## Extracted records
/---

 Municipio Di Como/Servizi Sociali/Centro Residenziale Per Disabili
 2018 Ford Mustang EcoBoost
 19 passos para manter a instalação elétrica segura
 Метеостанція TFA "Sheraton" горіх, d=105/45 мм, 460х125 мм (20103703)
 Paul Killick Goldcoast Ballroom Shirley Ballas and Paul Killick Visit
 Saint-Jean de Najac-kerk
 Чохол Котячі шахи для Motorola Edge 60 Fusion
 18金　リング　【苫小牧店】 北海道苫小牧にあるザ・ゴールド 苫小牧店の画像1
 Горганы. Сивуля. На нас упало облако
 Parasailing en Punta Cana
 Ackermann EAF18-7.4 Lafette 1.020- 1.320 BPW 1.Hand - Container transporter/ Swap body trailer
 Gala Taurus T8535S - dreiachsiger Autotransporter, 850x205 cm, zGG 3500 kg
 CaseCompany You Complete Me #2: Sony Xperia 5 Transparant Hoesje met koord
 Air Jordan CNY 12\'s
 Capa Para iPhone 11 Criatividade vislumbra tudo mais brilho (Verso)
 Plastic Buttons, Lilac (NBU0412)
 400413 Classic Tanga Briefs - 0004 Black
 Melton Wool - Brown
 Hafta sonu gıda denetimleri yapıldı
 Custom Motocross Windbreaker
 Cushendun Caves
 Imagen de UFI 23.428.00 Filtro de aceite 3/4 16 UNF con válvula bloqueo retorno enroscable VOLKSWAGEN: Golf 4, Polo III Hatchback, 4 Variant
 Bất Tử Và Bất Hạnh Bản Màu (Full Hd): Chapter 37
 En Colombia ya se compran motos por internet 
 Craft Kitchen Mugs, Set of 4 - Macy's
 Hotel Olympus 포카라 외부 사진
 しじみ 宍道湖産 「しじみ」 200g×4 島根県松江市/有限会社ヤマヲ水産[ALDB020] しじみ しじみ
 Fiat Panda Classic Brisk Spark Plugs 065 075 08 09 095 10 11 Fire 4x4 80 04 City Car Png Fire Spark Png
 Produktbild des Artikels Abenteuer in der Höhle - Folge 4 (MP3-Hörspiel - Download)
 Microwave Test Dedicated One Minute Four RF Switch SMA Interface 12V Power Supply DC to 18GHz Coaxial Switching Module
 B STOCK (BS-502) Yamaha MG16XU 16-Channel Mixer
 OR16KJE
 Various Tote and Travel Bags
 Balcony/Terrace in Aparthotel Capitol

\---

## Problem description
Output only an exact transcription of the lines above from the one with "2018 Ford Mustang EcoBoost" up to and including the one with "Parasailing en Punta Cana".

## Solution for this problem
 2018 Ford Mustang EcoBoost
 19 passos para manter a instalação elétrica segura
 Метеостанція TFA "Sheraton" горіх, d=105/45 мм, 460х125 мм (20103703)
 Paul Killick Goldcoast Ballroom Shirley Ballas and Paul Killick Visit
 Saint-Jean de Najac-kerk
 Чохол Котячі шахи для Motorola Edge 60 Fusion
 18金　リング　【苫小牧店】 北海道苫小牧にあるザ・ゴールド 苫小牧店の画像1
 Горганы. Сивуля. На нас упало облако
 Parasailing en Punta Cana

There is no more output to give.